Two lines in the listing below mark the span: one contains "Damenbluse Gina Benotti, Größe" and one contains "TRAINA HOME GROWN Logo (USPTO, 24.06.2019)". Reproduce both of them and everything between, exactly.
+++ DATA EXCERPTS
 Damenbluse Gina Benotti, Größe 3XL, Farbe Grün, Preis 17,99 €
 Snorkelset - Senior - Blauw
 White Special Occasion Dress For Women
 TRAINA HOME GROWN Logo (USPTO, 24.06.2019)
++++++
+++ DATA EXCERPTS
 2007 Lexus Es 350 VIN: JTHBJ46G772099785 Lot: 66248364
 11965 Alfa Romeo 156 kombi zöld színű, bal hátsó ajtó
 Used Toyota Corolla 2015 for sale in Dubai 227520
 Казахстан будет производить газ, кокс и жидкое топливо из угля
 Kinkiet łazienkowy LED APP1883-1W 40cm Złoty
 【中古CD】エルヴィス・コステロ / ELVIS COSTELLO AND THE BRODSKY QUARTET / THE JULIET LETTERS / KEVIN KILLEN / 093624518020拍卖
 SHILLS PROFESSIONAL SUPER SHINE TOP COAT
++++++
◆ **SOLUTION**:
 Damenbluse Gina Benotti, Größe 3XL, Farbe Grün, Preis 17,99 €
 Snorkelset - Senior - Blauw
 White Special Occasion Dress For Women
 TRAINA HOME GROWN Logo (USPTO, 24.06.2019)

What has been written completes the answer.